I'm writing to check my understanding of the review recipe, because it's doing something unanticipated but I'm not sure whether it's unintended:

I bootstrapped a dataset with match patterns for one label, trained an ner model for that label, and then used ner.manual and ner.correct to annotate additional examples. We added to the corpus of raw text over time such that I believe we re-annotated certain texts, and I also wanted to put a review stage into practice just to confirm our initial annotations.

I anticipated that ner review would enforce uniqueness on input hashes, but that doesn't seem to be the case, and the progress bar is showing that we've annotated 114% of our examples from our source dataset!
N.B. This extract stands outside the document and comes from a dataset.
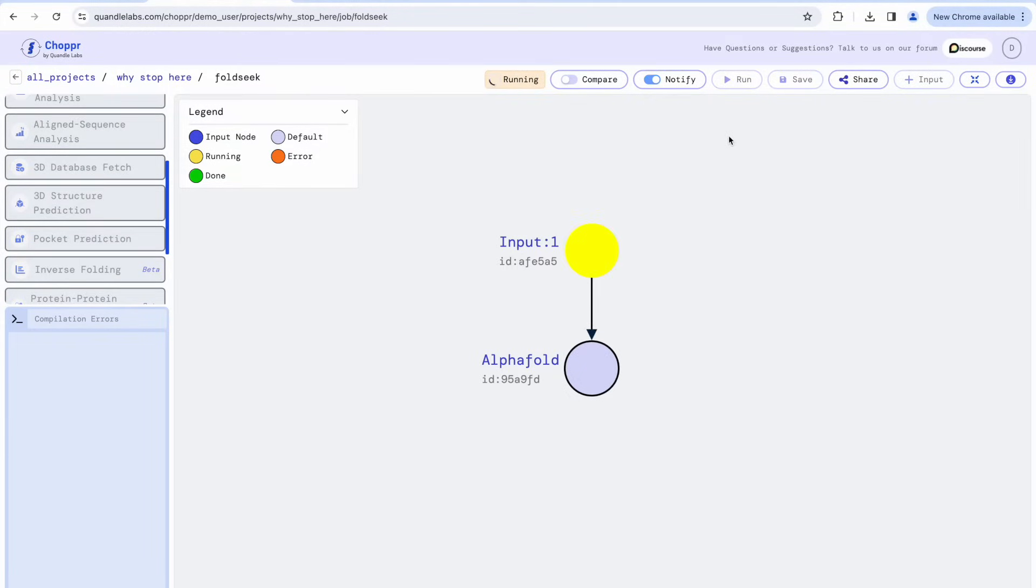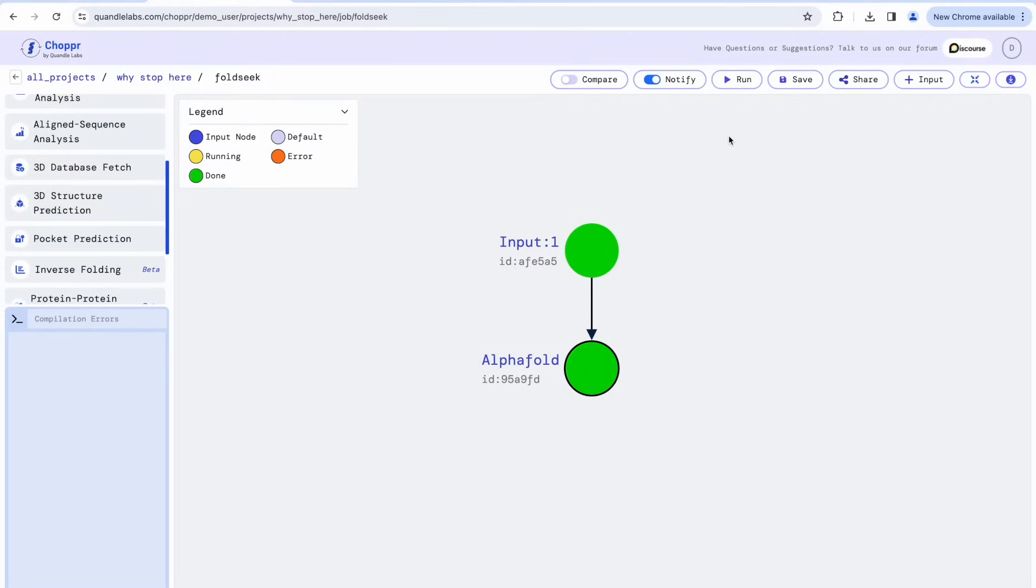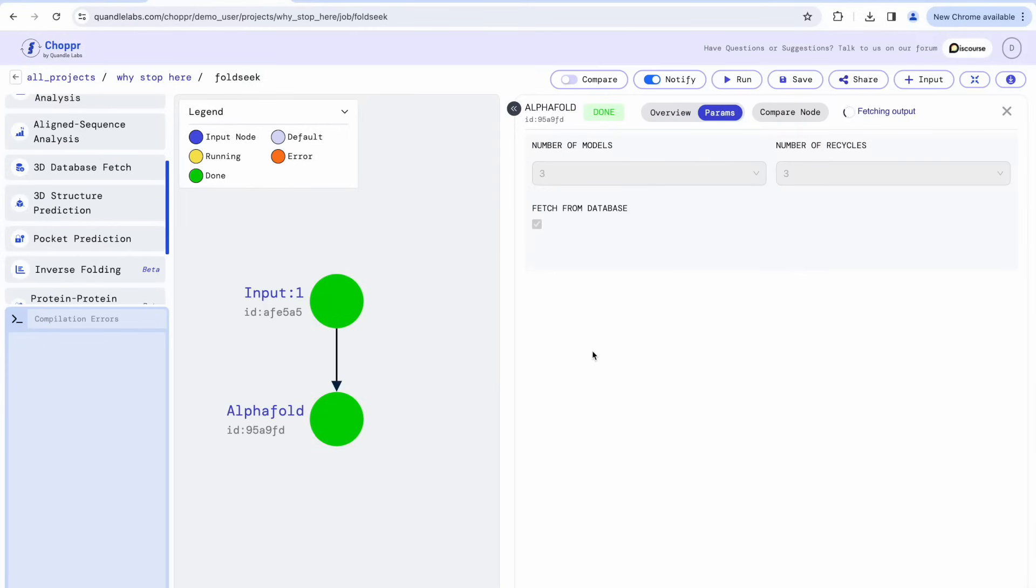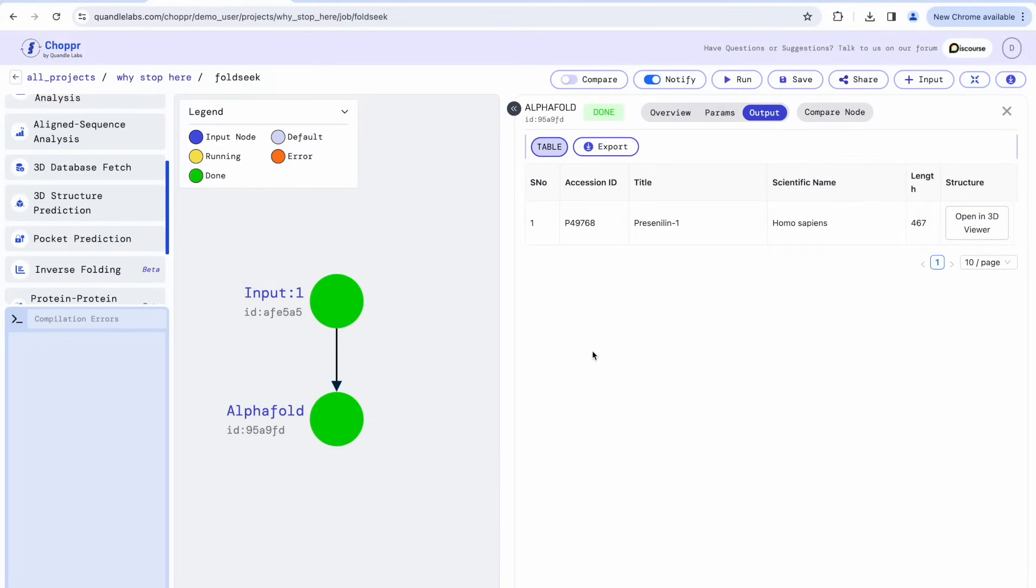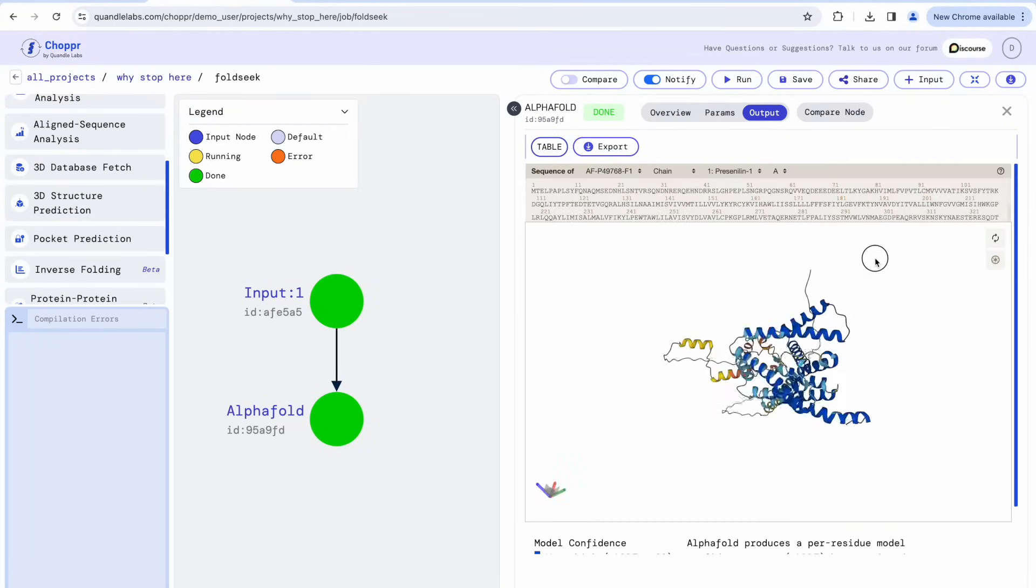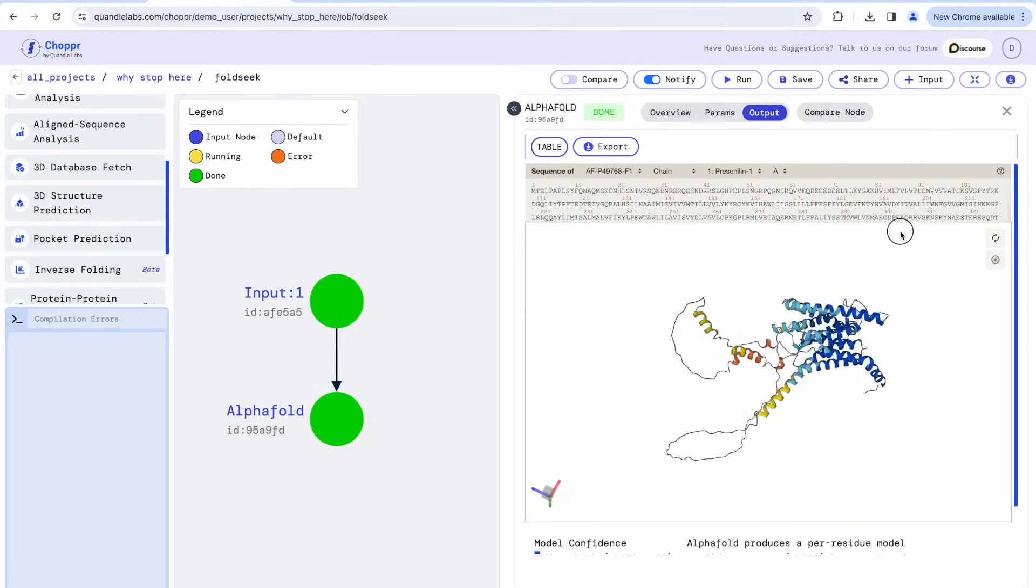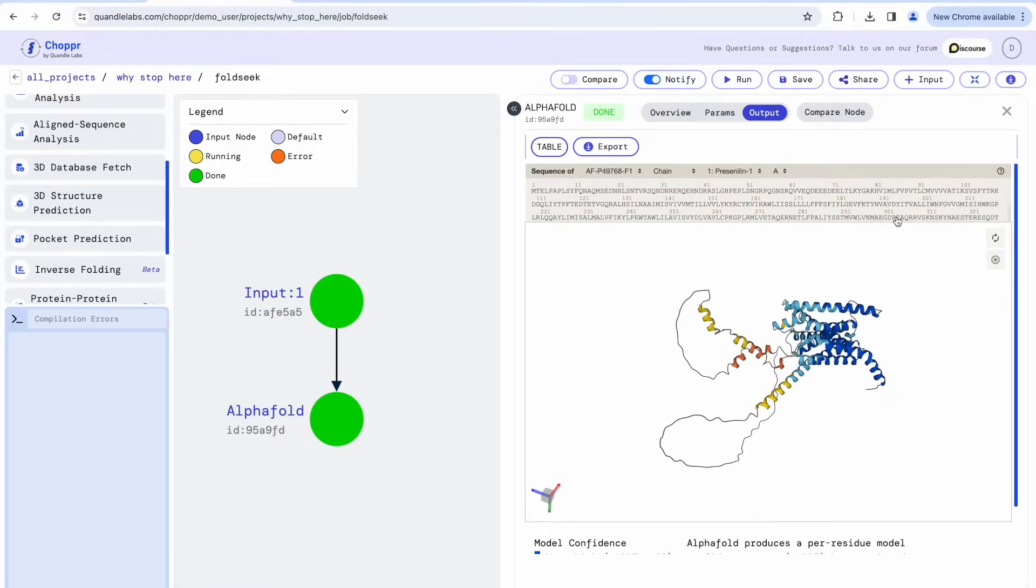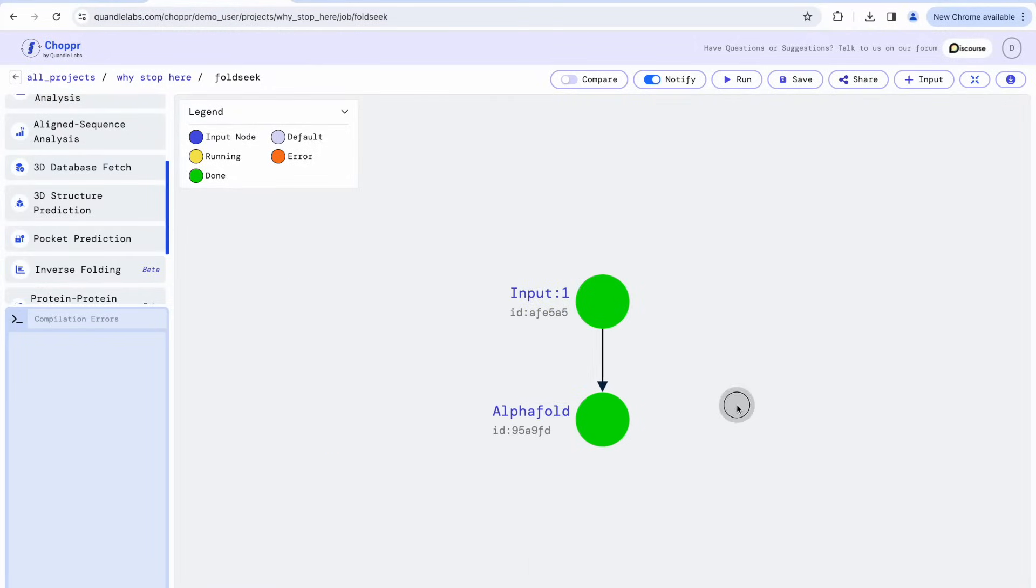Once the AlphaFold node has turned green, it means it has finished predicting the structure. We can check out the prediction by double-clicking on AlphaFold. Chopper has an inbuilt 3D structure viewer. In the viewer, we highlight the per-residue model confidence score, PLDDT, produced by AlphaFold.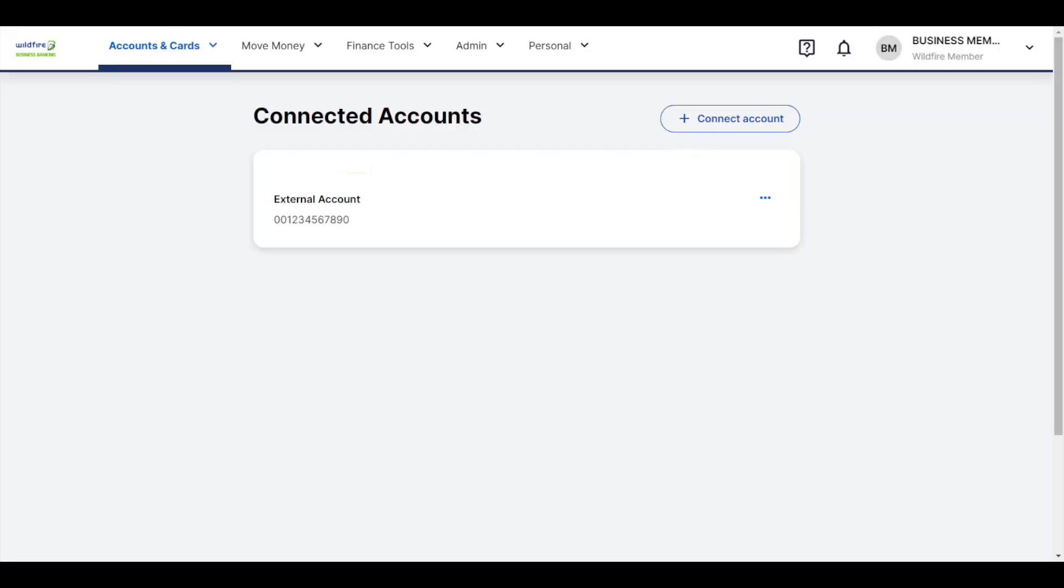Your external account is now connected to your Wildfire Account, allowing you to transfer money between the two.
  1. Is something "going wrong" with the dataset output by the review recipe, or is it expected behavior that we may have duplicate input hashes in the dataset?
  2. I'm actually fine with going through the source dataset until I exhaust the stream-- it's still a good exercise even if it results in a bunch of input hash dupes. Am I correct in my thinking that data-to-spacy will dedupe input hashes, combining non-conflicting annotations, and that the review recipe ensures that the annotations in the dataset are non-conflicting? OR should I set up a process to confirm that annotations on the same dataset do not conflict with some post-processing hooks?

Thanks as always for your help and insights!

Adam

Hi! Are you using the latest version of Prodigy? I remember an issue in the past where the review recipe would report progress incorrectly – but this should have been fixed by now.

If your annotations were generated with a manual UI, the review recipe will merge all annotations with the same input hash, so you should only ever see the same text once, together with all available versions of annotations created for the given text. Based on these, you can then create a single correct answer. By default, you'll see every example, even if all annotators agree (because in theory, they could all be wrong).

Yes, data-to-spacy will merge annotations on the same texts and combine them – including annotations for different components (e.g. NER, text classification, dependencies etc.). However, if it comes across actual conflicts, it will have to discard all of the conflicting versions except one (and it obviously can't know what the correct answer is). That's where the review workflow comes in: it lets you double-check your annotations, and decide how to resolve conflicts. So a workflow could look like this:

  1. Collect annotation with some overlap for a given task, e.g. named entities.
  2. Run the review workflow with all NER datasets, resolve all conflicts and create a new final dataset with the correct version of all annotations.
  3. Optional: Repeat for other tasks like textcat if needed. Also resolve any potential problems that were surfaced, e.g. talk to an annotator who misunderstood the annotation scheme.
  4. Run data-to-spacy with the reviewed datasets to create a single, conflict-free training corpus.